**** Given records ****

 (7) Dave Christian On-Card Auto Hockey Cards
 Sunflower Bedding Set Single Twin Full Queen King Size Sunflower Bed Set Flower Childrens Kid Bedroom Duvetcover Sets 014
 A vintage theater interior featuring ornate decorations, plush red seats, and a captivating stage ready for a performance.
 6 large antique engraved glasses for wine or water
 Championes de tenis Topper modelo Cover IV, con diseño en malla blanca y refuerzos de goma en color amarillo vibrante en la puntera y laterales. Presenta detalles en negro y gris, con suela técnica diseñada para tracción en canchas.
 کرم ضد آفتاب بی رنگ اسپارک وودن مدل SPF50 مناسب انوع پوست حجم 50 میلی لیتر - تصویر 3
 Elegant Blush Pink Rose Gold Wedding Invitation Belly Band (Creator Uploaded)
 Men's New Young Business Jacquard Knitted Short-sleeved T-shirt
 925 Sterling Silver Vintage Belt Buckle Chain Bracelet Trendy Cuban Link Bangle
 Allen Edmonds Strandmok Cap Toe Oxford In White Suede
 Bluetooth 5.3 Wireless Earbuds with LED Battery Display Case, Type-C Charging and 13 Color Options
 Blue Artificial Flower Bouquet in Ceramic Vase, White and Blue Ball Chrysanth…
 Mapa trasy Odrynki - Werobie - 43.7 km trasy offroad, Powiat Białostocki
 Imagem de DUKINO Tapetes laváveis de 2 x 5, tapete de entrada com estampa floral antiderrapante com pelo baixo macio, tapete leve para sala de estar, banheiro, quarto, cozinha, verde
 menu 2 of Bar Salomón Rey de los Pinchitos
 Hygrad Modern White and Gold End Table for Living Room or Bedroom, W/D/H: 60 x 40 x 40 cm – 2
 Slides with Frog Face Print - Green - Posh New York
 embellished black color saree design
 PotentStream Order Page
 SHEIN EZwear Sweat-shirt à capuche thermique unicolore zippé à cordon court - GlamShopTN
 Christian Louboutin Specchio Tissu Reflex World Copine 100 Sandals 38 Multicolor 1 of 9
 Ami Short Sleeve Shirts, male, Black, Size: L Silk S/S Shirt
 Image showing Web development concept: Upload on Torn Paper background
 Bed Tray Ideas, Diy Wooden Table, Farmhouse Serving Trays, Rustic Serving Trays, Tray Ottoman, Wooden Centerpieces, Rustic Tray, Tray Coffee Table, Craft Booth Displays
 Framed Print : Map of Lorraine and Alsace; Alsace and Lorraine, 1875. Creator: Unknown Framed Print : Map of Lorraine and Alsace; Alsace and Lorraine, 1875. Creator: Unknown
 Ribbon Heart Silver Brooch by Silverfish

****

_Prompt_:
Would you retype the lines above from the one with "925 Sterling Silver" down to the one with "SHEIN EZwear Sweat-shirt", word for word, both ends included and no other lines?

_Task result_:
 925 Sterling Silver Vintage Belt Buckle Chain Bracelet Trendy Cuban Link Bangle
 Allen Edmonds Strandmok Cap Toe Oxford In White Suede
 Bluetooth 5.3 Wireless Earbuds with LED Battery Display Case, Type-C Charging and 13 Color Options
 Blue Artificial Flower Bouquet in Ceramic Vase, White and Blue Ball Chrysanth…
 Mapa trasy Odrynki - Werobie - 43.7 km trasy offroad, Powiat Białostocki
 Imagem de DUKINO Tapetes laváveis de 2 x 5, tapete de entrada com estampa floral antiderrapante com pelo baixo macio, tapete leve para sala de estar, banheiro, quarto, cozinha, verde
 menu 2 of Bar Salomón Rey de los Pinchitos
 Hygrad Modern White and Gold End Table for Living Room or Bedroom, W/D/H: 60 x 40 x 40 cm – 2
 Slides with Frog Face Print - Green - Posh New York
 embellished black color saree design
 PotentStream Order Page
 SHEIN EZwear Sweat-shirt à capuche thermique unicolore zippé à cordon court - GlamShopTN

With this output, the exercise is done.